◆ ACTION ITEM:
Everything in the records except the pictures should come back exactly as written.

◆ DATASET:

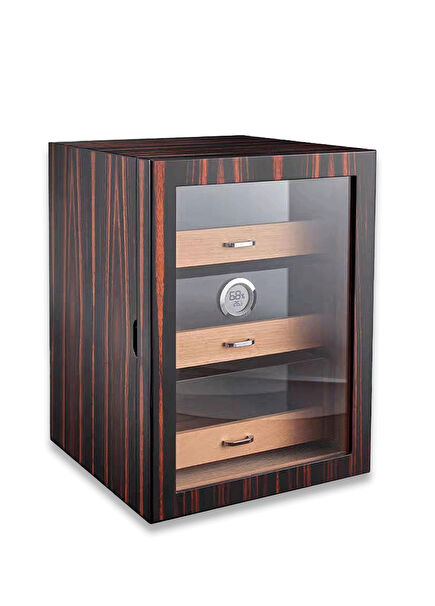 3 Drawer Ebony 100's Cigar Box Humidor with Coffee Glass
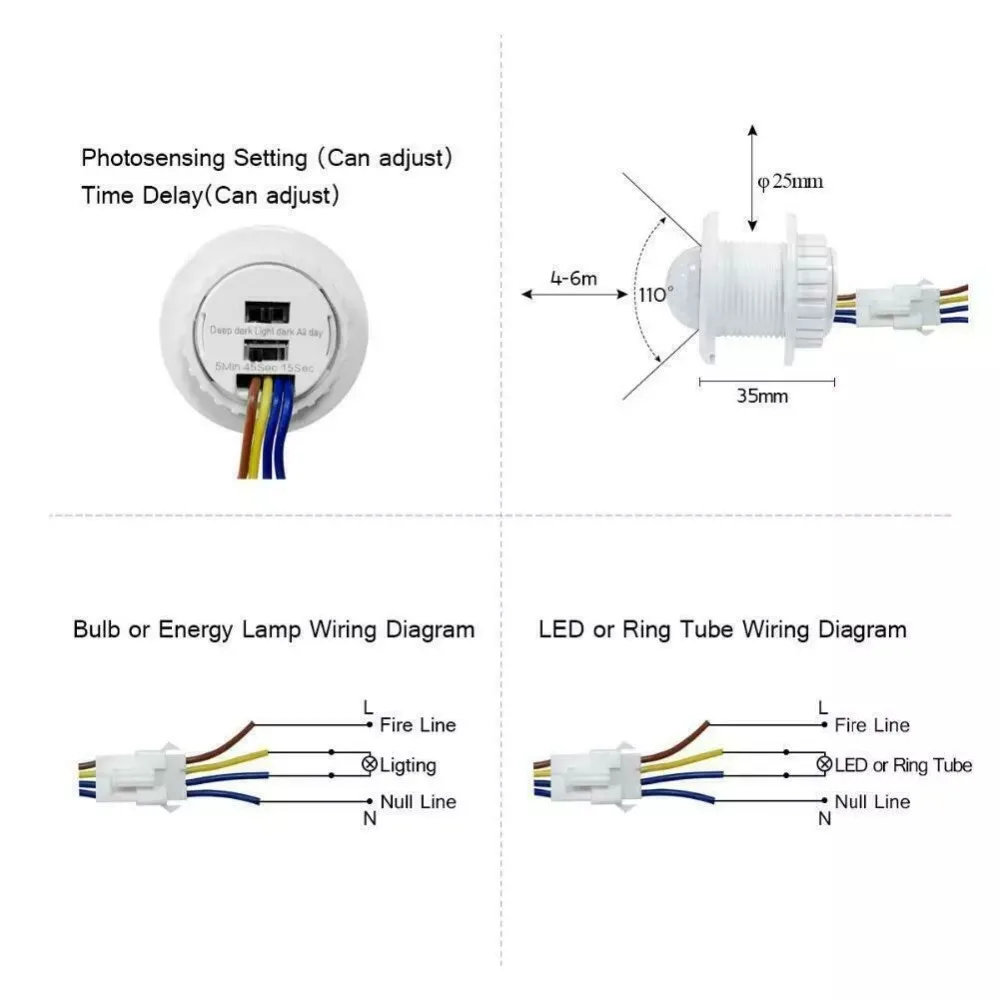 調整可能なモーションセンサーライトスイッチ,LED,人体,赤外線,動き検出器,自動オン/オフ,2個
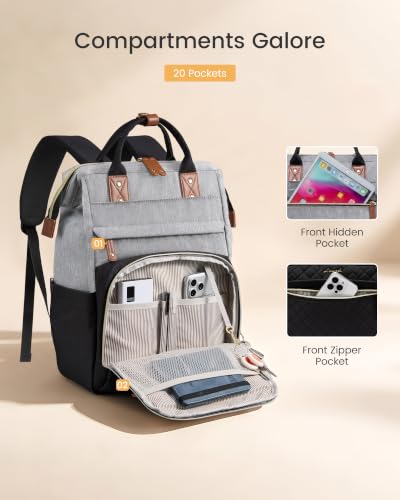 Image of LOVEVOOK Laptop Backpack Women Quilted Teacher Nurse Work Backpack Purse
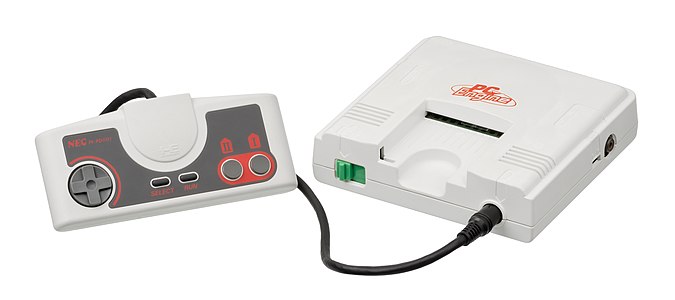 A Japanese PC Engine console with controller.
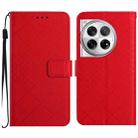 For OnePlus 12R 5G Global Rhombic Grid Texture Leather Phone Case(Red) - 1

◆ PROBLEM SOLUTION:
 3 Drawer Ebony 100's Cigar Box Humidor with Coffee Glass
 調整可能なモーションセンサーライトスイッチ,LED,人体,赤外線,動き検出器,自動オン/オフ,2個
 Image of LOVEVOOK Laptop Backpack Women Quilted Teacher Nurse Work Backpack Purse
 A Japanese PC Engine console with controller.
 For OnePlus 12R 5G Global Rhombic Grid Texture Leather Phone Case(Red) - 1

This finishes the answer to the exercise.